▶ WHAT NEEDS TO BE DONE: Only the lines from the one with "Curler (2025|Negative Ion)" to the end of the data, both ends included, should be output, exactly as they stand and without pictures.
● ● ●
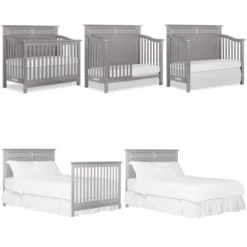 Slumber Baby Harper 4 In 1 Convertible Crib In Metallic Grey 5 Slumber Baby Harper 4 In 1 Convertible Crib In Metallic Grey -Graco Shop GUEST 4de56cfe 2574 497f bfc6 c54f81c652a1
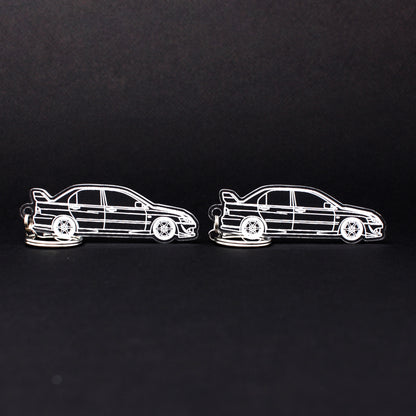 Mitsubishi Lancer Evo VIII Keychain | 2003-2005
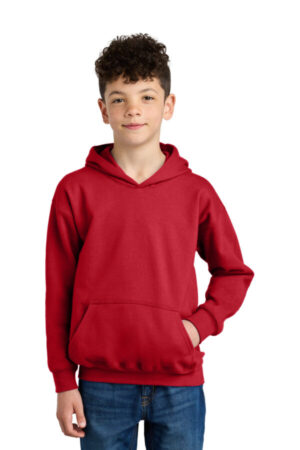 RED SF500B gildan youth softstyle midweight fleece hoodie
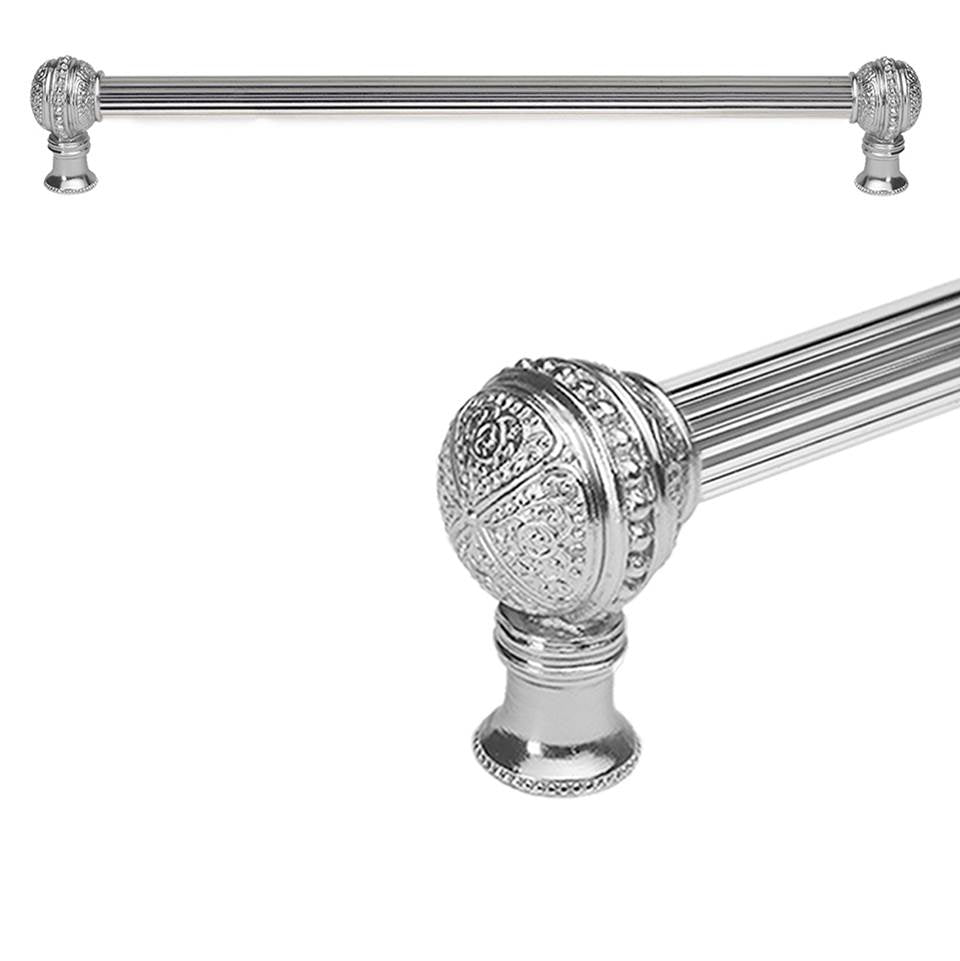Carpe Diem Hardware - Millennium 18'' O.C. Approx W/ 5/8'' Reeded Center Long Pull - Platinum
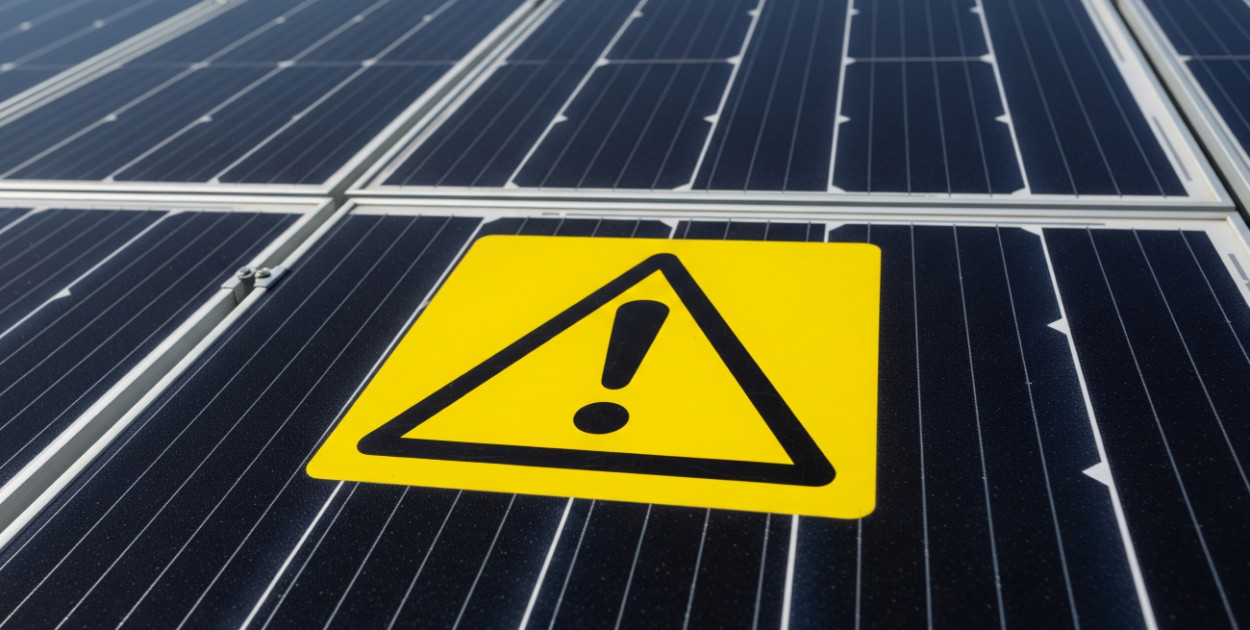 Wrzesińska restauracja nieczynna z powodu uszkodzenia paneli słonecznych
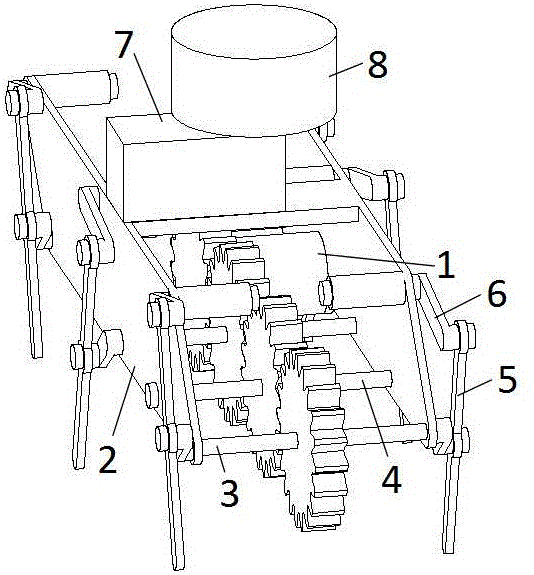 微型六腿机器人的制作方法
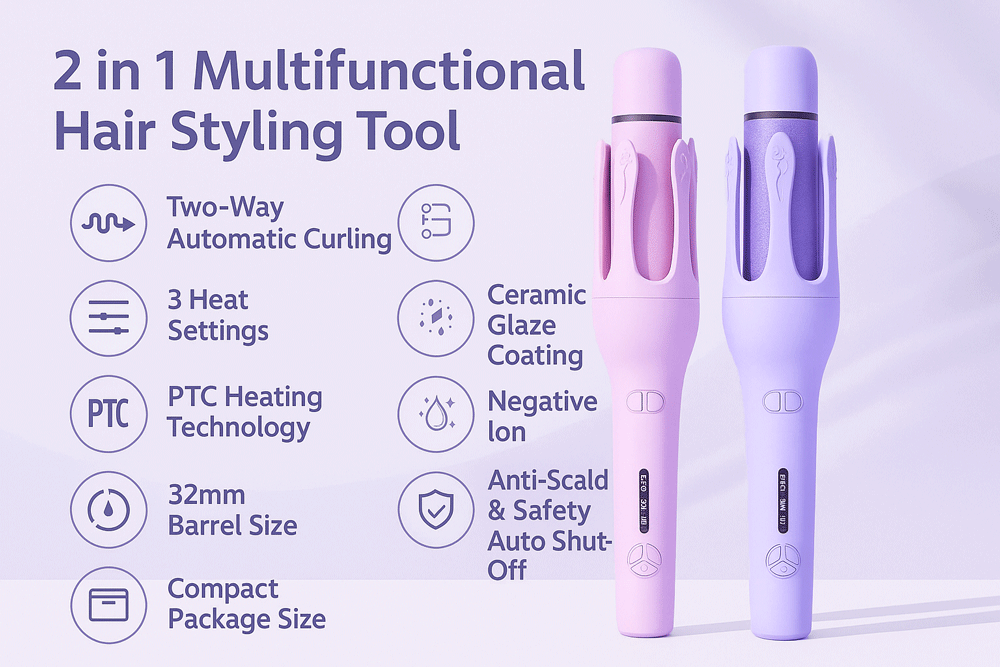 Dolcena™ 2-in-1  Hair Straightener & Curler (2025|Negative Ion)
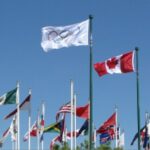 World Flags at the COP ~ Canadian Olympic Park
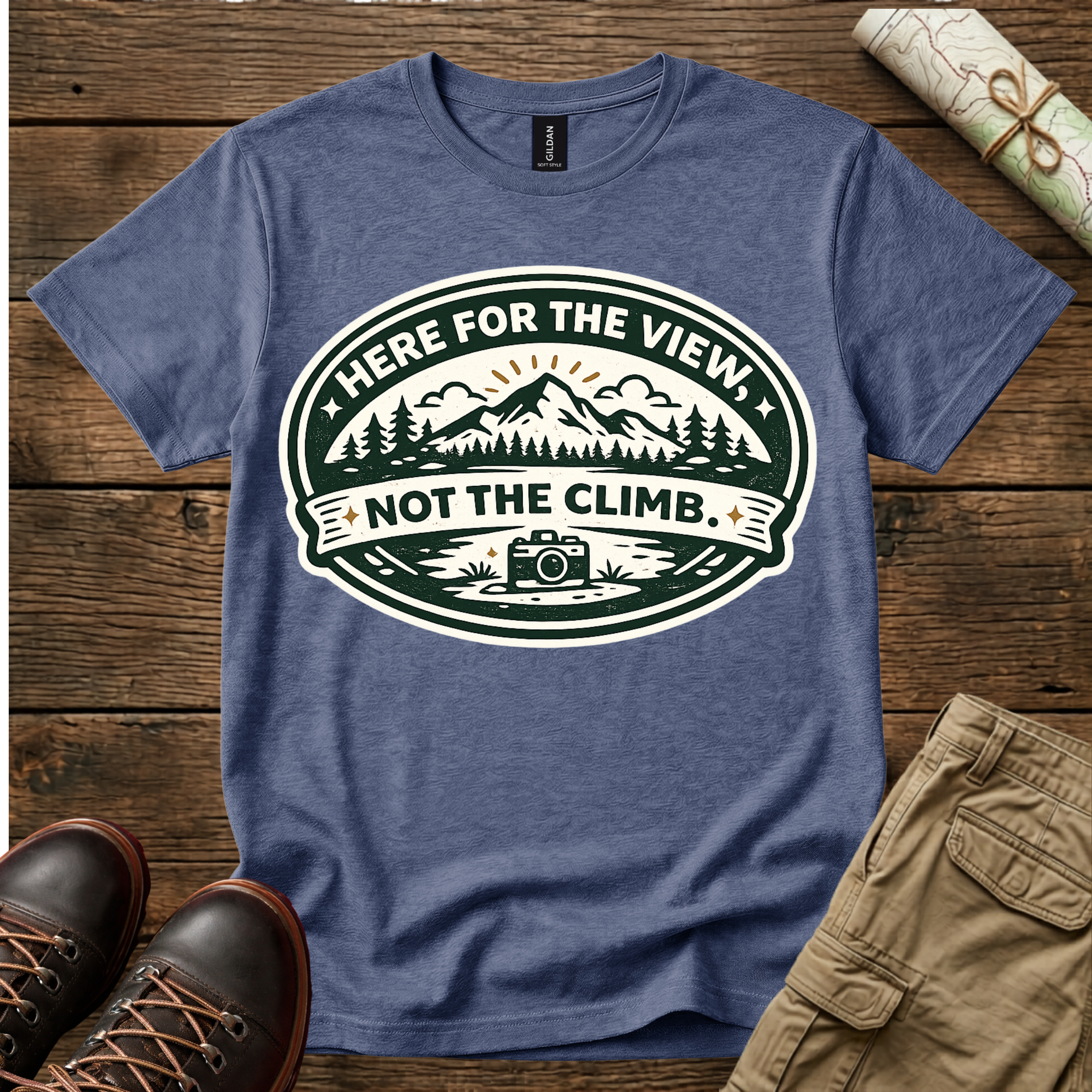 Here For The View T-Shirt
● ● ●
▶ SOLUTION TO THE PROBLEM:
 Dolcena™ 2-in-1  Hair Straightener & Curler (2025|Negative Ion)
 World Flags at the COP ~ Canadian Olympic Park
 Here For The View T-Shirt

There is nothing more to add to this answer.